A friend in need
A friend in need
Washington Post: Barack Obama made clear Friday that the American automobile industry will have a friend in the White House starting Jan. 20. At his first post-election news conference, Obama, who had supported more federal aid for Detroit during the campaign, echoed talking points the industry has been using to seek more aid from Congress. He described carmaking as “the backbone of American manufacturing,” and noted that its current “hardship” extends to “countless suppliers, small businesses and communities throughout our nation who depend on a vibrant American auto industry.” Obama wants his aides to come up with new ideas “to help the auto industry adjust, weather the financial crisis, and succeed in producing fuel-efficient cars here in the United States.”

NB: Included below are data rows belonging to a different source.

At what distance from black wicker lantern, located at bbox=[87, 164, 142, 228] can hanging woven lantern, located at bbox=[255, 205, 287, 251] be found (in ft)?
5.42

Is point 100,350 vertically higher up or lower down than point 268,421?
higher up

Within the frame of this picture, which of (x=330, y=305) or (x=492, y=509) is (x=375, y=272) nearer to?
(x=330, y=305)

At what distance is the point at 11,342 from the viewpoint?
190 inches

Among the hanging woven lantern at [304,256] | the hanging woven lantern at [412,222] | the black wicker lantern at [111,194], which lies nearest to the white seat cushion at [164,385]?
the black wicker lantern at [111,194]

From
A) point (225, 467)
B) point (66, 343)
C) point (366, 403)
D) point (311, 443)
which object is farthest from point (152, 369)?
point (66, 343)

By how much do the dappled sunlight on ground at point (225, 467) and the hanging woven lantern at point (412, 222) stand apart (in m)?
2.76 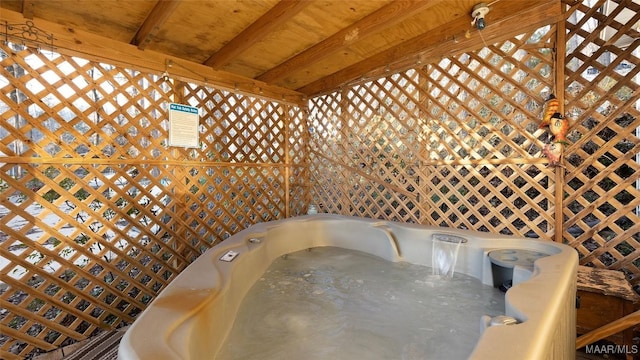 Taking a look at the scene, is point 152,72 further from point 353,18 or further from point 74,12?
point 353,18

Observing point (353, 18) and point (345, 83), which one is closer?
point (353, 18)

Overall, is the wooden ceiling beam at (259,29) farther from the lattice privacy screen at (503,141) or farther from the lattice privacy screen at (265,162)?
the lattice privacy screen at (503,141)

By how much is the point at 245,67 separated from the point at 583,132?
2.82 m

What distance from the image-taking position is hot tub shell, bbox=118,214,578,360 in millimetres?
847

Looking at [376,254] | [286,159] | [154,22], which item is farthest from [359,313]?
[286,159]

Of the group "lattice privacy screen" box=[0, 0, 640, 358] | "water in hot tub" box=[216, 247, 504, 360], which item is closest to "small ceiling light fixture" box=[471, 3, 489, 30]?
"lattice privacy screen" box=[0, 0, 640, 358]

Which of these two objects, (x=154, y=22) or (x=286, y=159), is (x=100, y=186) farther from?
(x=286, y=159)

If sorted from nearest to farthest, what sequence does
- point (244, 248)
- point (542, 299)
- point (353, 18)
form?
point (542, 299) → point (244, 248) → point (353, 18)

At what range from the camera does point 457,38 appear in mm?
2270

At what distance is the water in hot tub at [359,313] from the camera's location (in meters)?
1.28

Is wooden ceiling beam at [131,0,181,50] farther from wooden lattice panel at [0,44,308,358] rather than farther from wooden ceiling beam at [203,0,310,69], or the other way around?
wooden ceiling beam at [203,0,310,69]

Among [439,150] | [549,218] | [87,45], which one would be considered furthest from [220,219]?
[549,218]

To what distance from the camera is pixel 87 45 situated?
6.47 ft

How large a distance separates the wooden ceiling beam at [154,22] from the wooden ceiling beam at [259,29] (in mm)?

Hemorrhaging cash, Detroit wants an acceleration of an already approved $25 billion government loan to retool for greater fuel efficiency, plus $25 billion more to help the automakers ride out the financial crisis. This would, indeed, be a bad time for a sudden shutdown of the industry. Still, the industry is no longer quite as pivotal to the American economy as it once was; and many other businesses are also hurting, including many whose workers make less than Detroit’s unionized workforce. Even with a bailout, U.S. carmakers will have to shed workers by the thousands.
A columnist’s view
Washington Post columnist Steven Pearlstein has suggested that these companies need to be reorganized top to bottom, through a kind of “prearranged” bankruptcy greased with federal aid: Under court direction, the firms would trim wages and benefits that far exceed those of non-union competitors, reduce the burden of pension payments, which stands at $90 billion over the next decade, and prune an outmoded network of 10,000 dealerships. Under such a scenario, existing shareholders would be wiped out, as shareholders of Bear Stearns were; creditors would be bought out at pennies on the dollar; and current management would go.
We doubt that this is the kind of rescue the car companies or the United Auto Workers have in mind, but it points to what should be an essential principle of any government charity.